BroadwayWorld continues our exclusive content series, in collaboration with The New York Public Library for the Performing Arts, which delves into the library's unparalleled archives, and resources. Below, check out a piece by Annemarie van Roessel, Assistant Curator of the Billy Rose Theatre Division of The New York Public Library for the Performing Arts, on: Rare Portraits from the Golden Age of Circus.
Early this summer, I pulled down an unfamiliar old portfolio from a corner of the oversize special collections shelves in the Billy Rose Theatre Division.
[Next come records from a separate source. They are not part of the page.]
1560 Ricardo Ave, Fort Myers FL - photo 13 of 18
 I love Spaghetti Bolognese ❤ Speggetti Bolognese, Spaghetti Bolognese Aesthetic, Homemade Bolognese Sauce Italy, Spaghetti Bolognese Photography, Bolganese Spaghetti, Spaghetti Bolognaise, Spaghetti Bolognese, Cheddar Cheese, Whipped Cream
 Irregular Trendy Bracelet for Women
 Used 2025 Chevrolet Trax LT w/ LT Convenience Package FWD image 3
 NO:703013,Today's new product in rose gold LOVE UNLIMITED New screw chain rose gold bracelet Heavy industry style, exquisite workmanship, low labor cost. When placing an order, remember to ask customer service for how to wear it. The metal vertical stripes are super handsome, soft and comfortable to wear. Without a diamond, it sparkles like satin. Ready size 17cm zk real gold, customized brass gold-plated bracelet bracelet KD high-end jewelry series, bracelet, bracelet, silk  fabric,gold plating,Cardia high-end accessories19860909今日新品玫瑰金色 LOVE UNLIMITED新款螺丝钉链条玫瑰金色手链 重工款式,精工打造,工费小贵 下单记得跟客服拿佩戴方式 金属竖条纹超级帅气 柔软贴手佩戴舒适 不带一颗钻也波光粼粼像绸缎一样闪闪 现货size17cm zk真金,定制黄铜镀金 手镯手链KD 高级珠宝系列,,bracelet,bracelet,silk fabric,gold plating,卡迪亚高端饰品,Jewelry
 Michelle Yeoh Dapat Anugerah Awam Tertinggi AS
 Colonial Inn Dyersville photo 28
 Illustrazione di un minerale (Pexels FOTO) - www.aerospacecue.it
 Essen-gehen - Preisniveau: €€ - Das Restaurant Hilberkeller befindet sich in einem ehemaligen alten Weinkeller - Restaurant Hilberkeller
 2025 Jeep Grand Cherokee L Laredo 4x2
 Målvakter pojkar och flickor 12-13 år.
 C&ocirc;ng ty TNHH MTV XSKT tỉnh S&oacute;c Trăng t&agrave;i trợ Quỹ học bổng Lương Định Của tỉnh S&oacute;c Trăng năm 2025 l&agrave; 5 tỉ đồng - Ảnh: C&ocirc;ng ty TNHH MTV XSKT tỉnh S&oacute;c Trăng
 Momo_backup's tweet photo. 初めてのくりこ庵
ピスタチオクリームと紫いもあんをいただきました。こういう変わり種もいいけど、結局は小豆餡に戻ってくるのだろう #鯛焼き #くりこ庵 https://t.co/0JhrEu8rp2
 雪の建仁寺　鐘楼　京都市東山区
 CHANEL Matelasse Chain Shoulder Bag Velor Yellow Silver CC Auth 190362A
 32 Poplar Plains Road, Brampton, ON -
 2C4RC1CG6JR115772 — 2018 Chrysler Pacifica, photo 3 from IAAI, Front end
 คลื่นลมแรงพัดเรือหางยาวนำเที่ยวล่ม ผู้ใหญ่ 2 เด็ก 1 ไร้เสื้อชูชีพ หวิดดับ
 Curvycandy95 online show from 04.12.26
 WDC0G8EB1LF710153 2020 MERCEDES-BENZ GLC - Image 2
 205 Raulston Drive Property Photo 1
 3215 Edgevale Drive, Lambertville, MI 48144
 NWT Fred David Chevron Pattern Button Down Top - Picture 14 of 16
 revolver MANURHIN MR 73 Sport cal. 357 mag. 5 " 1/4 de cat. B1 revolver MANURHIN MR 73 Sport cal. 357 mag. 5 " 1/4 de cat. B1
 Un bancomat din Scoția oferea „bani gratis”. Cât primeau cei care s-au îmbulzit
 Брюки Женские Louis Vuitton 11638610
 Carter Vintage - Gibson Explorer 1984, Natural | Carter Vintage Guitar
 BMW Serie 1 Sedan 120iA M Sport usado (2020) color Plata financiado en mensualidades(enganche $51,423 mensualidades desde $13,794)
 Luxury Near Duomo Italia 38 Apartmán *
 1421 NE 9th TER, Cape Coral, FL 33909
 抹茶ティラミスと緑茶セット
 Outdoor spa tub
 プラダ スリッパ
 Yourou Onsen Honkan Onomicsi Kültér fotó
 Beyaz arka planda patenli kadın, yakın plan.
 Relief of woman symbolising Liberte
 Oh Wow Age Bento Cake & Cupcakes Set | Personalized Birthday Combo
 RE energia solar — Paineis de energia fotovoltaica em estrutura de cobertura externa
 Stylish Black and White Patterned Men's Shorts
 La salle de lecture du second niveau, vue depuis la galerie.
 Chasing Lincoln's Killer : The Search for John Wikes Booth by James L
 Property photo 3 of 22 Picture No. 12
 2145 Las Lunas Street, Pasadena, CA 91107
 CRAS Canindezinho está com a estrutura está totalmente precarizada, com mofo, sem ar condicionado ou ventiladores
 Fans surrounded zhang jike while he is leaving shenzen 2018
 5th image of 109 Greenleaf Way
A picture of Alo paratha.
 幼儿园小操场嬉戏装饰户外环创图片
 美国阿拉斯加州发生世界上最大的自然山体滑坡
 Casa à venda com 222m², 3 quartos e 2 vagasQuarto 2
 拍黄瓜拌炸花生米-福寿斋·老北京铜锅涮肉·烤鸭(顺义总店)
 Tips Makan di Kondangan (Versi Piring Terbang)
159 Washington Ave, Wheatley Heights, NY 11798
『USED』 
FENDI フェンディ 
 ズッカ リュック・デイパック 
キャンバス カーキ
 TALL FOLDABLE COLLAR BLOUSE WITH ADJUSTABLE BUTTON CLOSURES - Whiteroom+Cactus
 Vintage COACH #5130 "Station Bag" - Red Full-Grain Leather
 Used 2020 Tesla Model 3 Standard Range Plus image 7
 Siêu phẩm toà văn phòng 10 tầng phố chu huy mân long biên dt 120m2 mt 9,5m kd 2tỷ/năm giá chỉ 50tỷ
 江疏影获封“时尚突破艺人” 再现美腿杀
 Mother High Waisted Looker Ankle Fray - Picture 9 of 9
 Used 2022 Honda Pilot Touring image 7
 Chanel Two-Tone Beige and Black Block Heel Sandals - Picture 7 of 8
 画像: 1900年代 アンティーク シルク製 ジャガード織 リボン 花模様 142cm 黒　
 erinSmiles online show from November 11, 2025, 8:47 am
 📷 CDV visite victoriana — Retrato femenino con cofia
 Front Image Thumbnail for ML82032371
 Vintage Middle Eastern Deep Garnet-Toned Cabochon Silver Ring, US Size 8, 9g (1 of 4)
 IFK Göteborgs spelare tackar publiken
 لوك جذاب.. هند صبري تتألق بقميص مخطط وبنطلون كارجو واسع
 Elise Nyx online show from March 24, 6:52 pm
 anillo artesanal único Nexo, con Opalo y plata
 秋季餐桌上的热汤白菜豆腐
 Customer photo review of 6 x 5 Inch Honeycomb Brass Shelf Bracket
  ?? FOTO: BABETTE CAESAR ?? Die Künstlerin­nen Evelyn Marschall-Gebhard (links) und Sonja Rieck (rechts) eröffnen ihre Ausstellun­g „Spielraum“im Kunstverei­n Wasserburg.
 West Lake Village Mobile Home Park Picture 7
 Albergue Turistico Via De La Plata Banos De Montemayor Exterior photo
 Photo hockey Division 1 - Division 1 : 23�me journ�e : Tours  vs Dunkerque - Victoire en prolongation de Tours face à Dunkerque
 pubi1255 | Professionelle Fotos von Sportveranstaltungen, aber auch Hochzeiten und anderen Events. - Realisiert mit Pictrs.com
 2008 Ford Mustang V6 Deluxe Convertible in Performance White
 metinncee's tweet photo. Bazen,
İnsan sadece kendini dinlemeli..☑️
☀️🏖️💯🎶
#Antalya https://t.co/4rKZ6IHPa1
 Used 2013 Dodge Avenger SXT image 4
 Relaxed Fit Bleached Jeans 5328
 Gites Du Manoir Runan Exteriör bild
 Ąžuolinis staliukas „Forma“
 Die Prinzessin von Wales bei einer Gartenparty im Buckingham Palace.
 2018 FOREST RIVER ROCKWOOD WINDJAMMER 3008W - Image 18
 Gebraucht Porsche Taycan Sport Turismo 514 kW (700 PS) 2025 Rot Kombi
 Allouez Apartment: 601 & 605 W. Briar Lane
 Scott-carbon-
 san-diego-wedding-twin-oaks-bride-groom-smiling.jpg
To my astonishment, it contained 46 extraordinary large-format photographs-- what I affectionately call family portraits--of twenty differeNT American circus troupes, each photo meticulously identified by company and location, by exact day, all dated between 1928 and 1936. The timing of this discovery, just a few weeks after the final performance of the Ringling Bros. and Barnum & Bailey Circus right here in New York seemed especially poignant. Our Division has always had a small but strong collection of American circus-related materials and I was captivated by this unheralded collection.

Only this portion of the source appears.